Ryder lays a foundation for analyzing and producing public writing and public writing pedagogy by creating a matrix of theories on democracy.
Ryder’s book goes farther than to take exception to the idealization. It unfolds the way we may think more usefully about a concept like “the public” by exploring the rhetoric of subpublics, smaller publics whose values align with the idealized public sphere.
A particular significant contribution of this book, in our view, is how gracefully and skillfully it models an authorial voice and stance not often to be found in academic writing. It is a voice not of the one-who-knows-and-is-demonstrating-the-point but instead the voice, we might say, of praxis-the voice of someone who is posing problems for herself and with her readers that have arisen from her actions and experiences in the world and her reflection upon them. It is the voice of one not content to offer “findings” or to unfold theory for others to “apply”. It is the voice of the living committed teacher in action.

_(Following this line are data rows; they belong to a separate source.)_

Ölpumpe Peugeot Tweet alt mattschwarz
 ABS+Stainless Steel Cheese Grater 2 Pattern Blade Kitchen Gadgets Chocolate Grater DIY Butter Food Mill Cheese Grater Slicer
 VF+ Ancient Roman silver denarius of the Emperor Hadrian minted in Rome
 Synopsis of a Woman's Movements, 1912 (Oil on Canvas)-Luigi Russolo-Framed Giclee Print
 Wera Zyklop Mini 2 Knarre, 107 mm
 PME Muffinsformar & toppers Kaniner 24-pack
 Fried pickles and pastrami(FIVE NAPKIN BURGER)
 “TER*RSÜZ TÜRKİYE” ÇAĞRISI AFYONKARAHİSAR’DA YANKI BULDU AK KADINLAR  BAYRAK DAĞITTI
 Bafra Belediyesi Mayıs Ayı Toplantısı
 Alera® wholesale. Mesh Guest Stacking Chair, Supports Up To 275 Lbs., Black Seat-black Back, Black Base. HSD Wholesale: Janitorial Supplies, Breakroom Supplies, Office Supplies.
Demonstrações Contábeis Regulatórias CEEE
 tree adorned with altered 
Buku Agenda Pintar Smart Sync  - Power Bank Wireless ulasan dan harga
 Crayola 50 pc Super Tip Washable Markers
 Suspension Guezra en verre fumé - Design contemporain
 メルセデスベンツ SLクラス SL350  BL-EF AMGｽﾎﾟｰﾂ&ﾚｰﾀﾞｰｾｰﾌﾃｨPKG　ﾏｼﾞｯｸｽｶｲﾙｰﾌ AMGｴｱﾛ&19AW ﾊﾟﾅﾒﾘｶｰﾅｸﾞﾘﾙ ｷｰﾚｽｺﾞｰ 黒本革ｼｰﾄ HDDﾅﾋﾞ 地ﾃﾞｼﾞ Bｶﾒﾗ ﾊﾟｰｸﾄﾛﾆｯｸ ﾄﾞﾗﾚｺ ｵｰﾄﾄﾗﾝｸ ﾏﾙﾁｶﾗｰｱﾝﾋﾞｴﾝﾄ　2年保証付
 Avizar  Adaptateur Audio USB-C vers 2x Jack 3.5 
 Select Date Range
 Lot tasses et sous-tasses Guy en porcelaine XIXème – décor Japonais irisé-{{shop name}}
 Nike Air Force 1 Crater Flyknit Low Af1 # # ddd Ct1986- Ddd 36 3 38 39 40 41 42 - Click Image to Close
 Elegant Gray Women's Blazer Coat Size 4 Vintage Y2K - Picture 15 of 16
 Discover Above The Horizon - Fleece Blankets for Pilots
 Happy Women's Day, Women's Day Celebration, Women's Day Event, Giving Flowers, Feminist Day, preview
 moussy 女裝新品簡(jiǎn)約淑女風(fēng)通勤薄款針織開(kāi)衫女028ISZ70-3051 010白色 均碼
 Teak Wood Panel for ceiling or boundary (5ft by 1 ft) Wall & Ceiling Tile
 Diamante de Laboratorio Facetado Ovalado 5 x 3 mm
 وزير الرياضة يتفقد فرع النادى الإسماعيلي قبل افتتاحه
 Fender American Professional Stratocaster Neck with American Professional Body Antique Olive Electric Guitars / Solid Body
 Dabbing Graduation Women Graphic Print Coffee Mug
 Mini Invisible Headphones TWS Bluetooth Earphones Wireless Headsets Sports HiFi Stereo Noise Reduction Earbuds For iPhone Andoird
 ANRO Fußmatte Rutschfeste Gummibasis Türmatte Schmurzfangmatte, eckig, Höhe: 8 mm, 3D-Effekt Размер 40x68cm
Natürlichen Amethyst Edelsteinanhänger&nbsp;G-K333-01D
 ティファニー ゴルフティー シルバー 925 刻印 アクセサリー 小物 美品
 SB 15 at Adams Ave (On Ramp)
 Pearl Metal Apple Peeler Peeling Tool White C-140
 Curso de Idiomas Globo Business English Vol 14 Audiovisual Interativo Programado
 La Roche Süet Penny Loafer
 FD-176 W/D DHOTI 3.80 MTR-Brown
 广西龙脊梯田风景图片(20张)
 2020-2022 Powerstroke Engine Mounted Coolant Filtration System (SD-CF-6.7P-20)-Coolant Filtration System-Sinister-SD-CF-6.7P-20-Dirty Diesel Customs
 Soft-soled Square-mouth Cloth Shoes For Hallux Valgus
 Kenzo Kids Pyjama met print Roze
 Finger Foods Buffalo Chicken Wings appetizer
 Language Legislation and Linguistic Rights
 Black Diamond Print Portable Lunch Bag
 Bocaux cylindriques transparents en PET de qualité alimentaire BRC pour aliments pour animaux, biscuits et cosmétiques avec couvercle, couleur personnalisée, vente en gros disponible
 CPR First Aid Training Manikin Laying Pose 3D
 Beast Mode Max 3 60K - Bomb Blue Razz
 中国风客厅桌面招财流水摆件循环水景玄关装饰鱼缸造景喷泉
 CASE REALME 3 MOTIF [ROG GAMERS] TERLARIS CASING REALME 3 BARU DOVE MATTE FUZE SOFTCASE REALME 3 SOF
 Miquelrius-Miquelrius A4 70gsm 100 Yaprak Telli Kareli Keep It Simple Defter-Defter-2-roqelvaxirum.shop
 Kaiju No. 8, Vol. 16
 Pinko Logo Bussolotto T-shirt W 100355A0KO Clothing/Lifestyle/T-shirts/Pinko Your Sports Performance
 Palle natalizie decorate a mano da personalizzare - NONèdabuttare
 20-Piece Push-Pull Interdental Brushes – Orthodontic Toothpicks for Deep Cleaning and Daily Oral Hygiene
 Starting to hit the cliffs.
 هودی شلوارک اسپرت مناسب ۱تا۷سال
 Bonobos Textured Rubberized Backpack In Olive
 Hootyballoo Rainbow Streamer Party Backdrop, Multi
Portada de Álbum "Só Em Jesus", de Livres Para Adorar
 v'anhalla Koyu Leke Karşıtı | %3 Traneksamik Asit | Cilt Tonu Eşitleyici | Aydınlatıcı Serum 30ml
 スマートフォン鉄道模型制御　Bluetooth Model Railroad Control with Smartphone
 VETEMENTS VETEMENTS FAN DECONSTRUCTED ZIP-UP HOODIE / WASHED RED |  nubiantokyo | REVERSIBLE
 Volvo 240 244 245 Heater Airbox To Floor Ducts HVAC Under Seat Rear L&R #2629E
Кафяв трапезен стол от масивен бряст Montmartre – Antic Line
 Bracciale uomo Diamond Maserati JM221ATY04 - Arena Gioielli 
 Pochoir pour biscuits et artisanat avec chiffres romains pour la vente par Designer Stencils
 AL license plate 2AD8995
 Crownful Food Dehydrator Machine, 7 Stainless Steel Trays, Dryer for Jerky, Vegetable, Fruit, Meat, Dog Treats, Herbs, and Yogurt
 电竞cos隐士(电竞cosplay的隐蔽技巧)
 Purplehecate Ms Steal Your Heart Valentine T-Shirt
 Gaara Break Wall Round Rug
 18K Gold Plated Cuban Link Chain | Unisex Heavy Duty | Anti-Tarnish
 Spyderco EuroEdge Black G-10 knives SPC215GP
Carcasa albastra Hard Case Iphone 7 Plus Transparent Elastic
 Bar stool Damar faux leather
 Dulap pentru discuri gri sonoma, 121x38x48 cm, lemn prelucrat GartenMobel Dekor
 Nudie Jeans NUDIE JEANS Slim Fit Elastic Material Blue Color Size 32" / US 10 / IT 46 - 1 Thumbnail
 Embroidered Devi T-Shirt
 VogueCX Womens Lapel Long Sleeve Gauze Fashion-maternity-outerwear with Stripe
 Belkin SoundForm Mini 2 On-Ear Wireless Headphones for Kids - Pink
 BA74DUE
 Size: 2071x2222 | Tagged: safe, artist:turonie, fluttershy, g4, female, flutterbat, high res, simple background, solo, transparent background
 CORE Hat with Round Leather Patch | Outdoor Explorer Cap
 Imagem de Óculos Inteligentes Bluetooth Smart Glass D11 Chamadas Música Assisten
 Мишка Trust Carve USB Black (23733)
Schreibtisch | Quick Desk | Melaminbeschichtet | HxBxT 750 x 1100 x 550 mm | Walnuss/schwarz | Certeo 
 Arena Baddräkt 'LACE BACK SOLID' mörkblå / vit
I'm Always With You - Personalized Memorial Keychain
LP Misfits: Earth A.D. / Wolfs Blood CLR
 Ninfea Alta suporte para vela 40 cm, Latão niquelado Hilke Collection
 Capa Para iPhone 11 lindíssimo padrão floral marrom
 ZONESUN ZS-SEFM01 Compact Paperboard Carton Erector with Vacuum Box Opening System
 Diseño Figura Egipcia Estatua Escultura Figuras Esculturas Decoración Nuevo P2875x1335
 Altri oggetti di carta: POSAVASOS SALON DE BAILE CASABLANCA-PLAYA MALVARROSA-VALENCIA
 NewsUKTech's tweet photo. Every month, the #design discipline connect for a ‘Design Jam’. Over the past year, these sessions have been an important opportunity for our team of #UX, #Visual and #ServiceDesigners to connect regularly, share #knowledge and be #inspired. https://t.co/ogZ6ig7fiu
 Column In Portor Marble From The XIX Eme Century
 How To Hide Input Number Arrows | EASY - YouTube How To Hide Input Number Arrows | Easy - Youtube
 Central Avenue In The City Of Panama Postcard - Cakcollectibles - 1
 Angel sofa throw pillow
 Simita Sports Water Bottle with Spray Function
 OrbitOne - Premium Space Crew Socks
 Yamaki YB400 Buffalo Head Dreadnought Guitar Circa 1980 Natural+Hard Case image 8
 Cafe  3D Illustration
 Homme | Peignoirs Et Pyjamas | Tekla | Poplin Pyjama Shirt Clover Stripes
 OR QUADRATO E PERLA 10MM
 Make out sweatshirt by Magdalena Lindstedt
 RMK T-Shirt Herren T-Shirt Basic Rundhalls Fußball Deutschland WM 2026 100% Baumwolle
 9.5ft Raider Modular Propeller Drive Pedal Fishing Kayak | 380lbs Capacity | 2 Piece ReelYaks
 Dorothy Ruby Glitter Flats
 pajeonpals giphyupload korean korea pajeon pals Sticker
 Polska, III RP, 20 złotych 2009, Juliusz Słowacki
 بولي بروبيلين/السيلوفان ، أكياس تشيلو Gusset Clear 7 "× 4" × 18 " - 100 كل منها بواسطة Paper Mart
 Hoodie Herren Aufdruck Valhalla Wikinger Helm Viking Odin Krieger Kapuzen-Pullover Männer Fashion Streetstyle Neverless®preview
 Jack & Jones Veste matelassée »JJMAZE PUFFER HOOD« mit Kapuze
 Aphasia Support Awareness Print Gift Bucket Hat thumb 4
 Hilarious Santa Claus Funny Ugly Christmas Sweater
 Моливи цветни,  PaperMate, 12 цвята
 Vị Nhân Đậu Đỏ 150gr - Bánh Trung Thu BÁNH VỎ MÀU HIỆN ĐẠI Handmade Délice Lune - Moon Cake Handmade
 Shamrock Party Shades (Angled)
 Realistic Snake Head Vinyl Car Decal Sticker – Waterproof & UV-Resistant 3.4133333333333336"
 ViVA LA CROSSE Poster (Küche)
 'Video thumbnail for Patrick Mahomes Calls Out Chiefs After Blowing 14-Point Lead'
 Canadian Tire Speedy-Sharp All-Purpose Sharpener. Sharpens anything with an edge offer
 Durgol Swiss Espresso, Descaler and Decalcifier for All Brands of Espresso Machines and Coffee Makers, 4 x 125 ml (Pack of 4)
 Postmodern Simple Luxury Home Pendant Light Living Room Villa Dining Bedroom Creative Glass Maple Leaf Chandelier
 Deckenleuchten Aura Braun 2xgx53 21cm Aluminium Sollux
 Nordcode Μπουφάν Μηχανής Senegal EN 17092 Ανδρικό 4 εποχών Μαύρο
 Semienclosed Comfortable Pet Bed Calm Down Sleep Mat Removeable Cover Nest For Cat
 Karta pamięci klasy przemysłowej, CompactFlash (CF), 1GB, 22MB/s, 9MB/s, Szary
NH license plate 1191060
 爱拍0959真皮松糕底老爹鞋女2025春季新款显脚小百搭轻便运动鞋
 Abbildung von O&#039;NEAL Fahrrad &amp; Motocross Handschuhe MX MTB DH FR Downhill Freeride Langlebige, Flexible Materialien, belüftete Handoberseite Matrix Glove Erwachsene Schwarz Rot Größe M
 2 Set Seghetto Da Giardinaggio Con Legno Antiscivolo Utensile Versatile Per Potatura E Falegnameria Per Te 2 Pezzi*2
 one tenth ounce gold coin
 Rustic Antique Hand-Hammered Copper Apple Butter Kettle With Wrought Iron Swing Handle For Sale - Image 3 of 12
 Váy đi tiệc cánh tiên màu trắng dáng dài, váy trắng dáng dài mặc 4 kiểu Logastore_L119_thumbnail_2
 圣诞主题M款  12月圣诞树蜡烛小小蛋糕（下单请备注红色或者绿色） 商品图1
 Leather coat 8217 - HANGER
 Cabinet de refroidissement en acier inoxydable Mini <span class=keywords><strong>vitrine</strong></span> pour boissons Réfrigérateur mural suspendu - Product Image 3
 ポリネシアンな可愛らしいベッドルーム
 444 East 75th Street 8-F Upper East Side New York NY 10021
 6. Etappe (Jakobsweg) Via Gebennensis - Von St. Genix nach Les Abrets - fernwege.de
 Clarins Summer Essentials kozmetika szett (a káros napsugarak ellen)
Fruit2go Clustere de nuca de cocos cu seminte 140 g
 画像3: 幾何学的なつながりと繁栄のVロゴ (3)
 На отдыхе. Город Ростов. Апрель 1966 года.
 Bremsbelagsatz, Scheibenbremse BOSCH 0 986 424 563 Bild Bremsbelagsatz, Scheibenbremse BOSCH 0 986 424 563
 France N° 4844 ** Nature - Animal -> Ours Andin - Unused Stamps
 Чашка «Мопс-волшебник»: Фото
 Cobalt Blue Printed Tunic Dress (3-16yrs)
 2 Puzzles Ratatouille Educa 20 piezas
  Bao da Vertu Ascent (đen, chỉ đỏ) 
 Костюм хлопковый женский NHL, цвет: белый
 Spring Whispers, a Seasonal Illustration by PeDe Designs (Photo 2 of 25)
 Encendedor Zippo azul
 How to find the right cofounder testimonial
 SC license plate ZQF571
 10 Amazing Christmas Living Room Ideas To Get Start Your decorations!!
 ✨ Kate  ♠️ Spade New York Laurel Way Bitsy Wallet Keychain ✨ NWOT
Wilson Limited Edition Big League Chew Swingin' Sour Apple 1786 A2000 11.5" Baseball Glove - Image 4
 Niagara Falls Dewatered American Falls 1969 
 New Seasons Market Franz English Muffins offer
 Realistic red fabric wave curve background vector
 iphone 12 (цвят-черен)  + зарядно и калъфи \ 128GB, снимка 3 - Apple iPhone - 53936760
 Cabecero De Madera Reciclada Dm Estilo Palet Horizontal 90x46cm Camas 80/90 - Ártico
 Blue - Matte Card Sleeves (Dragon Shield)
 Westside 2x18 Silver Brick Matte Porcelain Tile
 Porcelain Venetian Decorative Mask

Ryder seamlessly moves from sophisticated, yet clear, theoretical discussion to implications for pedagogy, ending nearly each chapter with a section titled “What Does This Mean For a Public Writing Course?”
To provide her readers with tools to enact this change, the book ends not with calls for further research but with materials that have practical pertinence...the materials are clearly to be taken not as an ending but as a platform for further conversation about what we must, or might, do.